▸ Data shown
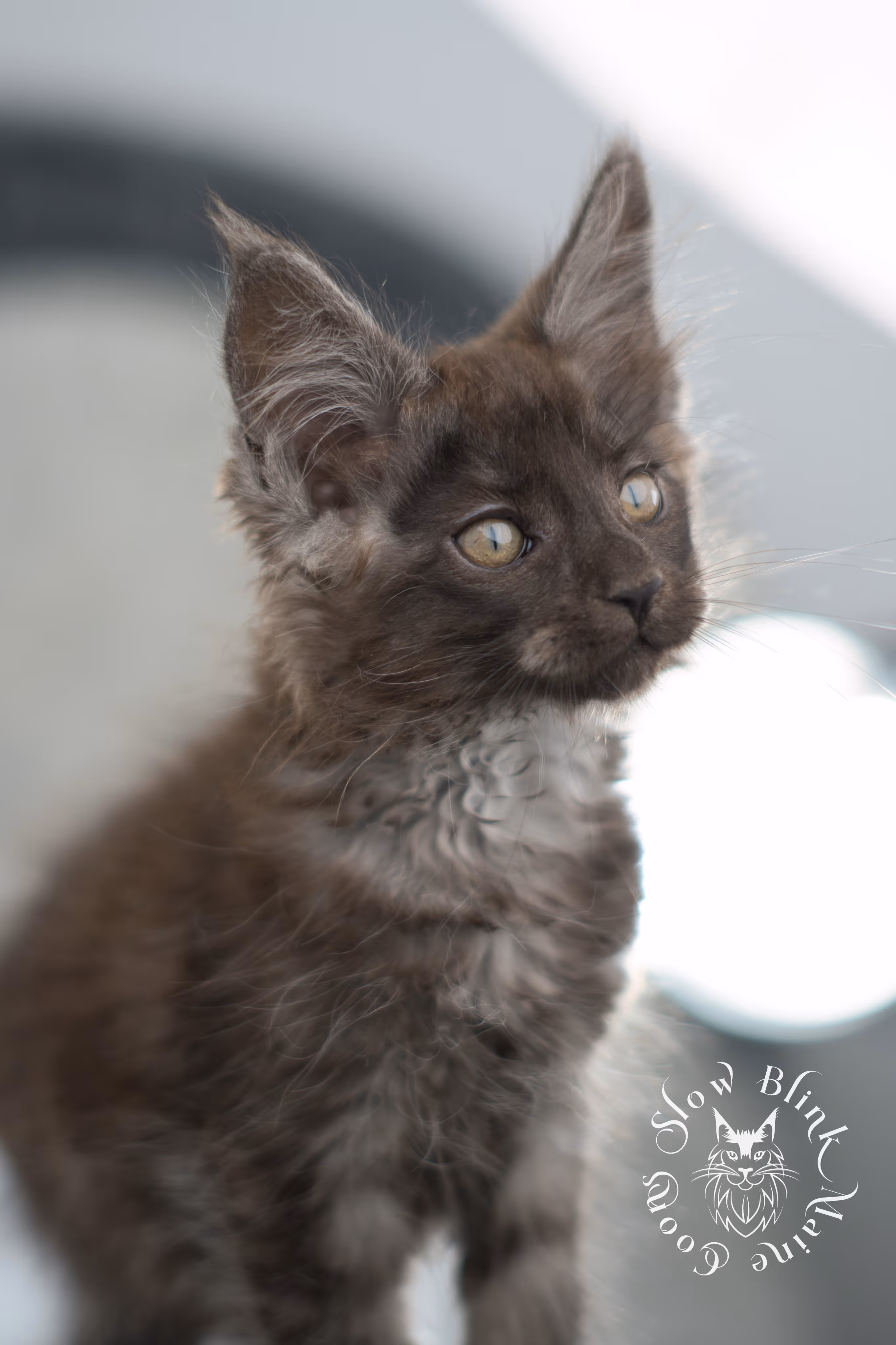 black smoke | maine coon kitten | ems code ns | slowblinkmainecoons | taken nov 19 2024 | age 6 weeks Black Smoke Maine Coon Kittens > black smoke | maine coon kitten | ems code ns | slowblinkmainecoons | taken nov 19 2024 | age 6 weeks | idx 05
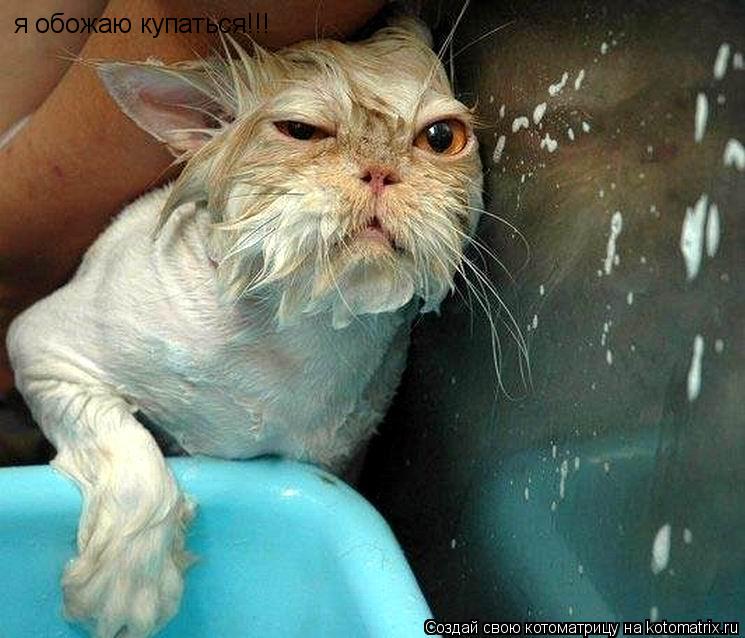 я обожаю купаться!!!... Котоматрица: я обожаю купаться!!!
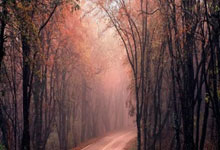 意媒：米兰希望阵容意大利化，里奇或成为帕拉迪奇时代首签.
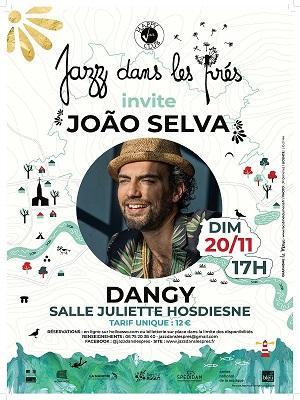 Agrandir l'image - fenêtre modale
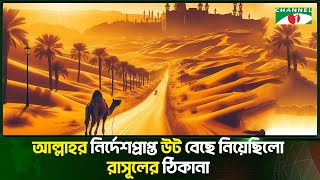 আল্লাহর নির্দেশপ্রাপ্ত উট বেছে নিয়েছিলো রাসূলের ঠিকানা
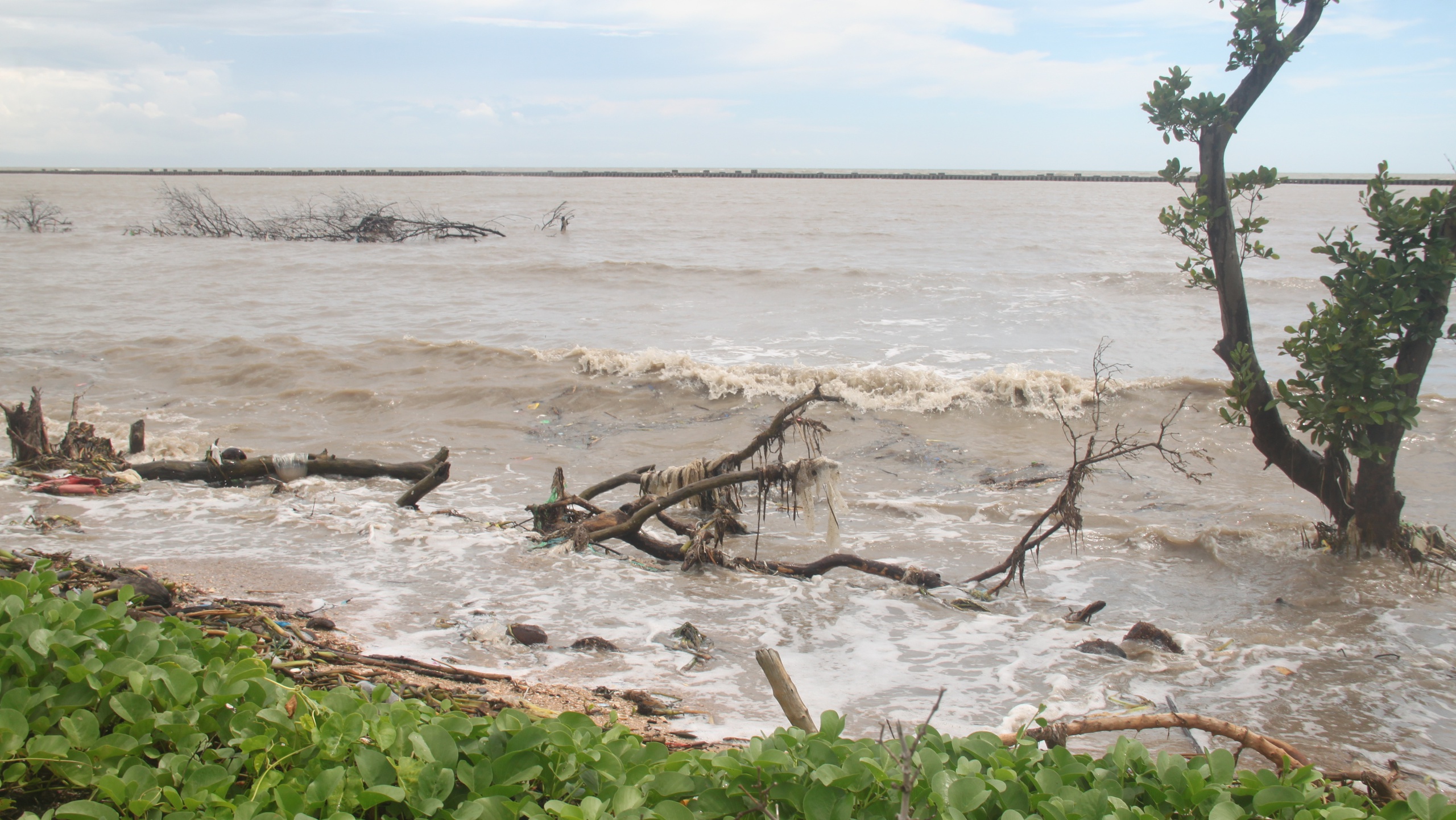 C&agrave; Mau: Đ&ecirc; biển T&acirc;y "oằn m&igrave;nh" giữa m&ugrave;a mưa b&atilde;o- Ảnh 2.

▸ Task instructions
Your task is to restate word for word the lines from the line holding "আল্লাহর নির্দেশপ্রাপ্ত উট" through the final line of the listing, both included, but none of the pictures.

▸ Exercise response
 আল্লাহর নির্দেশপ্রাপ্ত উট বেছে নিয়েছিলো রাসূলের ঠিকানা
 C&agrave; Mau: Đ&ecirc; biển T&acirc;y "oằn m&igrave;nh" giữa m&ugrave;a mưa b&atilde;o- Ảnh 2.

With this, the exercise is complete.